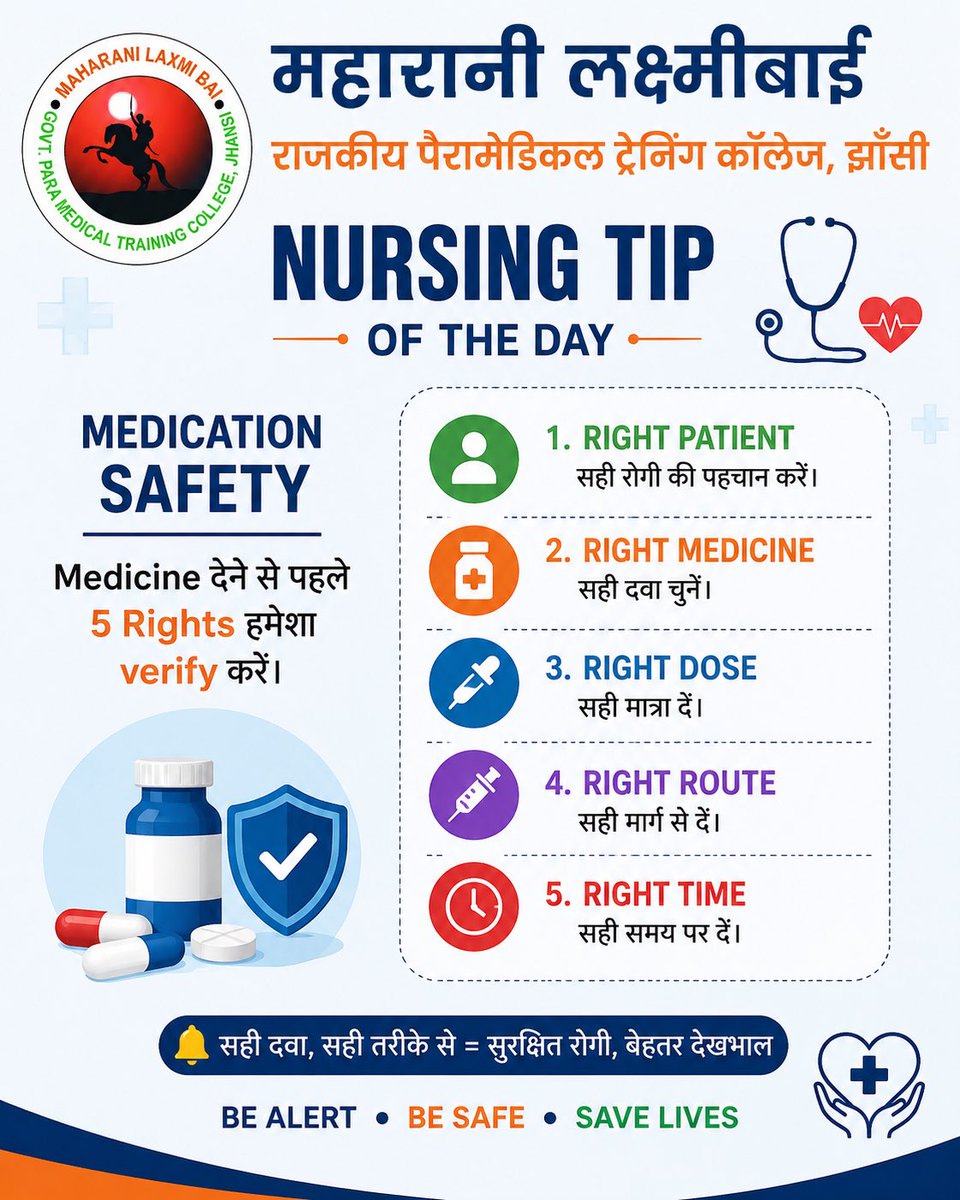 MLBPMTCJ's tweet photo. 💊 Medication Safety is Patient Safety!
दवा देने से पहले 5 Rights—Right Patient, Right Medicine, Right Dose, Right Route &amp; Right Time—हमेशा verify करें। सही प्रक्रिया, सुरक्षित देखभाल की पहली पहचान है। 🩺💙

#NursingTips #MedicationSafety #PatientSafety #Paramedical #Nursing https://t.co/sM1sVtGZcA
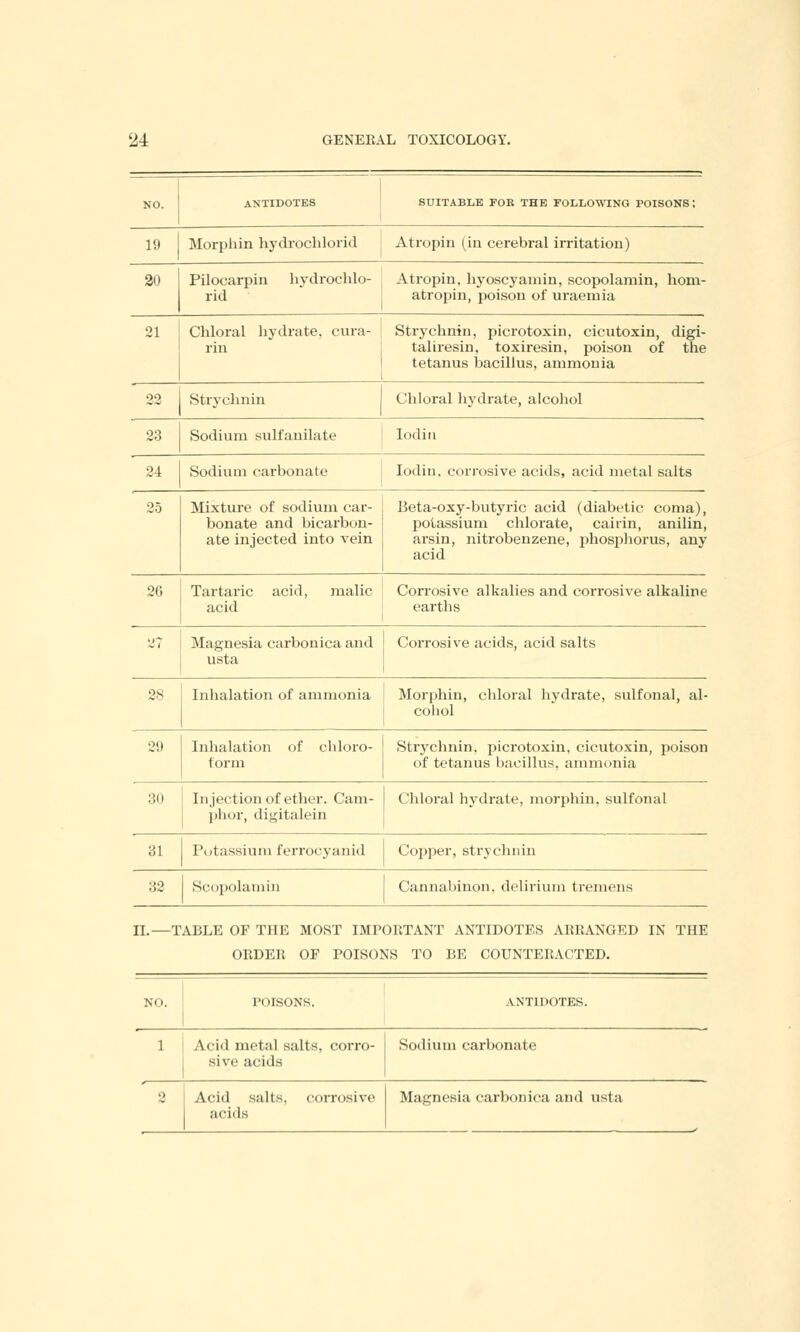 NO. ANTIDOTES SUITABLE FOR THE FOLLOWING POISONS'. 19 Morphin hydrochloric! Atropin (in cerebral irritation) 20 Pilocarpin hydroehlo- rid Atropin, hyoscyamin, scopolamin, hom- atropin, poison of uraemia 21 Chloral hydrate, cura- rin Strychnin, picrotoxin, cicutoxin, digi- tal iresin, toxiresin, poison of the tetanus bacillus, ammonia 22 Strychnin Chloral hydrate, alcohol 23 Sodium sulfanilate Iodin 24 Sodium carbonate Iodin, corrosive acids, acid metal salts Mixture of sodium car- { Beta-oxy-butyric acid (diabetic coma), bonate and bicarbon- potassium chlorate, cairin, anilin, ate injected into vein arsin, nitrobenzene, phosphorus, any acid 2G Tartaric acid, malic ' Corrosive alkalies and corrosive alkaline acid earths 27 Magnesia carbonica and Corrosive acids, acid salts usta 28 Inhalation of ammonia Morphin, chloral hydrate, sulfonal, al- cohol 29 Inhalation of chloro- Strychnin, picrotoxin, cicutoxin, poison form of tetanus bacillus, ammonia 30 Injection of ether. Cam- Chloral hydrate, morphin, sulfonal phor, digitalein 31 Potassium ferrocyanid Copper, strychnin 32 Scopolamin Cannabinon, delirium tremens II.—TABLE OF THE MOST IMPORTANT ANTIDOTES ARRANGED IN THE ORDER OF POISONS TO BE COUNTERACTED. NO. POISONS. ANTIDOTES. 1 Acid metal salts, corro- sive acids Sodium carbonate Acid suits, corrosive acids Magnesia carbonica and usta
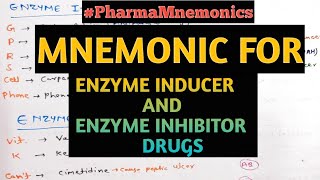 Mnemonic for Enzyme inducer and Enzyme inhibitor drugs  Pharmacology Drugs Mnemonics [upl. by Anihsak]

* _WHAT IS REQUIRED_
Quote the listing above, but only from the line that shows "दवा देने से" through the line that shows "#NursingTips #MedicationSafety #PatientSafety".

* _RESULT BELOW_
दवा देने से पहले 5 Rights—Right Patient, Right Medicine, Right Dose, Right Route &amp; Right Time—हमेशा verify करें। सही प्रक्रिया, सुरक्षित देखभाल की पहली पहचान है। 🩺💙

#NursingTips #MedicationSafety #PatientSafety #Paramedical #Nursing https://t.co/sM1sVtGZcA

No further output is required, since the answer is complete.